Aiming to set a new standard for the restaurant business, the Sweetgreen fast-casual chain has expanded its employee benefits package to include five months of paid leave for new parents.
The paid time off will be extended to new mothers, fathers, adoptive parents, foster parents and “others with new additions to their families,” Sweetgreen’s co-founders said in a statement aired to employees and the public.
The offer is open to both full- and part-time employees who work in headquarters or one of the chain’s 92 or so restaurants. Participants must be on the payroll for at least six months to qualify.
“This move is rare for our industry and we hope this creates a conversation for other companies to join,” Sweetgreen’s founders said in their signed statement. The signees were Jonathan Neman, Nathaniel Ru and Nicolas Jammet.
Paid parental and family leave are still rare in the whole business community, according to the U.S. Department of Labor. As of March 2017, the benefit was offered by just 15% of employers nationwide, the DOL statistics show.
Paid family leave, which typically provides time to care for ill family members as well as a new addition, is mandated by five states and the District of Columbia. In those jurisdictions, the funding is usually generated through a small tax on employees’ paychecks. Their leave pay is drawn from the pool created in that fashion.
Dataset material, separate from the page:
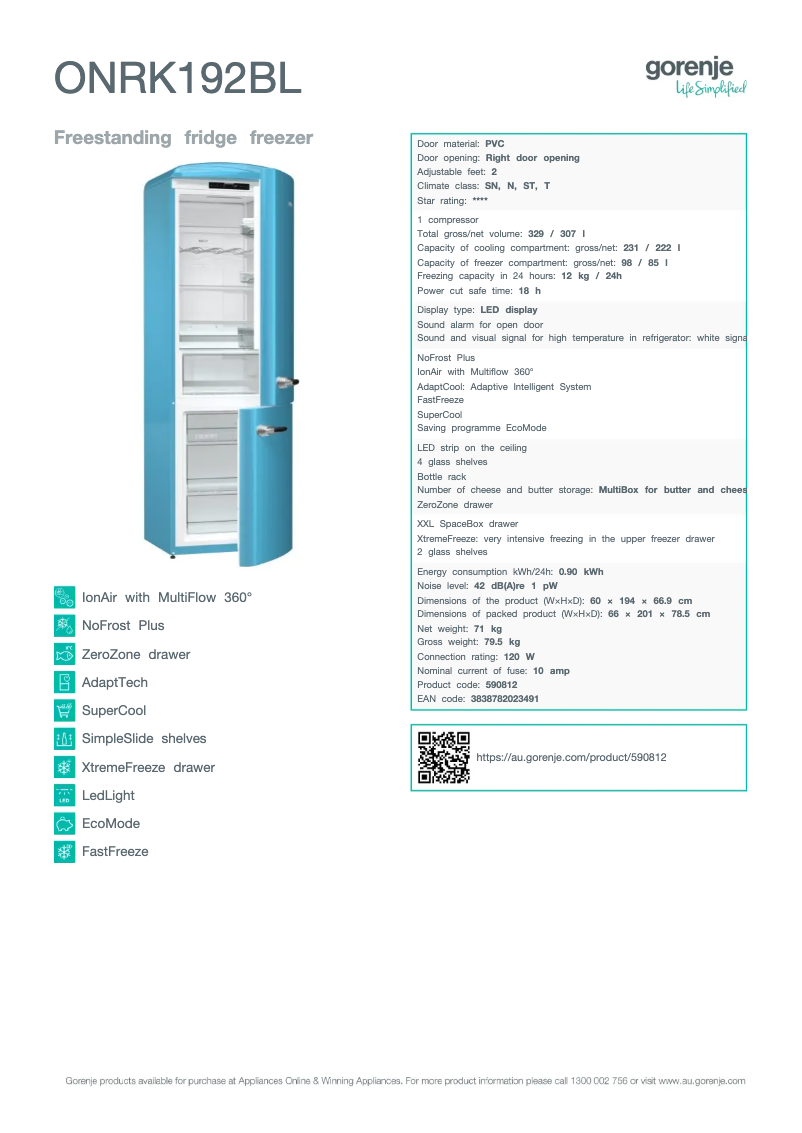 Page n°1 - Fiche technique Gorenje ONRK192BL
Elsewhere, federal law guarantees employees up to five months of leave time for extraordinary family developments, with an assurance that their prior job or a comparable position will be waiting for them upon their return. Employers can keep paying staff members during their time away from the job but are not required to do so.
Paid leave is “a more just benefit,” the chain’s co-founders commented. “We believe it is our responsibility to lead the way given the U.S. is one of the few countries that does not mandate any paid leave for new parents.”
Starbucks added six weeks of paid family leave as a benefit in 2018.
California Gov. Gavin Newsom has proposed that his state mandate six months of paid leave for new parents.
On the federal level, Democrats in both the House of Representatives and the Senate have proposed mandating paid family leave of up to three months.